Вряд ли детство и юные годы героя, осененного мистикой летучего тельца, могли быть связаны со смертью Сергея. Проглядывая страницы по диагонали, Лидочка миновала первые годы жизни Григория, включая вставки, в которых периодически возникала Лукреция, ненавязчиво руководившая судьбой героя, а также ее возлюбленный, робкий, но подлый монашек из XIV века, который на странице 43 заразил Лукрецию бубонной чумой, принеся болезнь из Средневековья, и было не очень понятно, может, из-за излишне поверхностного чтения, умерла ли она от ужасной болезни либо воспарила и появилась вновь.
Лидочка зачиталась главой, в которой описывалось, как медведица похитила мальчика Гришу из родного деревенского дома и выкармливала его медвежьим молоком, которое придает человеку некие особые качества.
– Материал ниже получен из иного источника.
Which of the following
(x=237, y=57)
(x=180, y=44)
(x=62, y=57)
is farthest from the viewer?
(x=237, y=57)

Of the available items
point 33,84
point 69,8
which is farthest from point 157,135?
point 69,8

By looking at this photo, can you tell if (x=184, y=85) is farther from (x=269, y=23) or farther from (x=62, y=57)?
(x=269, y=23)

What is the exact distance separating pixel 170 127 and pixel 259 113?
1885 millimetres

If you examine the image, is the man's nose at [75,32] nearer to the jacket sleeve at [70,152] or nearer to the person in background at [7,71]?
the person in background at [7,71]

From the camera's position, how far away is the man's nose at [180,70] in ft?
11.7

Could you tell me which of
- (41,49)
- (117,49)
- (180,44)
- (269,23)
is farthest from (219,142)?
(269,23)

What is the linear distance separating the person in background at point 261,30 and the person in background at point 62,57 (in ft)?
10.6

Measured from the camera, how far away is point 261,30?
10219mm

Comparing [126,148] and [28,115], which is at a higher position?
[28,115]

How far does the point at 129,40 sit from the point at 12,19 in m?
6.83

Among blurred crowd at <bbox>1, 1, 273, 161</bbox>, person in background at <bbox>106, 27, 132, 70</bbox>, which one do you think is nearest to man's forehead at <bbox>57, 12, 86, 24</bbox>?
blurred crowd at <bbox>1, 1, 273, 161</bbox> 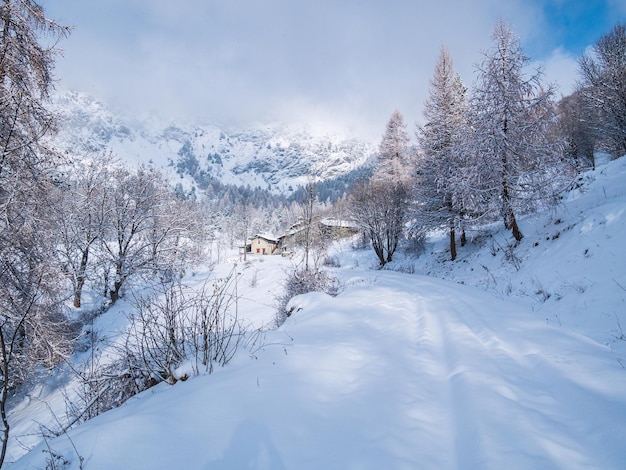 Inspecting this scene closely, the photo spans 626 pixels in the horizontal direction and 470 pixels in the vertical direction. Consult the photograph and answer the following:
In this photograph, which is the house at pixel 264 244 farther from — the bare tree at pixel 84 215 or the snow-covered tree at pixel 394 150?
the bare tree at pixel 84 215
Роман был куда менее автобиографичен, чем Лидочка полагала вначале. Зато он был наполнен любопытнейшими и достоверными сведениями о растениях Подмосковья — именно об этом Сергей знал более всего. Может быть, поэтому судьба все время выталкивала Григория за пределы цивилизации и превращала в существо дикое, склонное к робинзонадам. К этим экскурсам Лидочка отнесла бы и удивительную историю, которая случилась с Григорием в ботанической экспедиции в предгорьях Памира, где он заблудился и отправился лесами-перелесками, альпийскими лугами и крутыми склонами гор к стране Бутан, которую и достиг через полгода. Там Григорий принял буддизм и встретил впервые Глорию Бозанг, уроженку тех мест, которая завлекла его в подземные лабиринты королевского дворца в Бутане, где в свете факелов и масляных светильников шестнадцать врачей из Тибета создавали средство от старости.
«…Они поднимались из подземелья, проходя мимо узких, занавешенных буддийскими картинами на шелке, дверей, за которыми слышались бормотания лам. Порой из-за двери ударял острый запах какого-то экзотического растения. На лестничной площадке… (здесь было замечание редактора: «Заменить неудачное слово»)…их встретил белый барс, который возлежал на прохладных мышцах камней, вытянувшись во всю свою трехметровую длину… (замечание редактора: «Снежные барсы такой длины не достигают. См. Брем, том 5»). Барс приподнял голову и тихо зарычал. Глория присела на корточки и начала гладить его теплую голову, крутой пушистый лоб. Но стоило ей распрямиться, как глубоко в недрах хищного зверя возникал глухой, тревожный звук. И тогда Глория произнесла:
— Я избрала другого мужчину. И отвергнутый должен умереть!
С этими словами прекрасная бутанка вонзила кинжал с нефритовой рукоятью в глаз барсу. Брызнула черная кровь, когти барса царапали камни пола.
— Что ты наделала? — в ужасе воскликнул Григорий.
— Он был моим любовником, — ответила Глория. — А я люблю только одного. В день, когда ты мне опротивишь, я зарежу тебя тем же кинжалом.
Среди скользящих теней под звон священных колокольчиков они вошли в обширное помещение, вырубленное в скале и устланное кашемировыми коврами и шкурами диких животных. В углах помещения тревожно горели тревожники, которые бросали неровный красноватый свет на широкое ложе, приготовленное для страсти. Нечто странное, подобное детскому предчувствию новогодней сказки, сжало грудь Григорию… (на полях было написано: «Стиль!»)…кровь быстрее застучала в висках, он стоял неподвижно, чадили светильники и странный сквозняк дул по ногам, будто где-то неподалеку дышало льдом обширное гулкое пространство.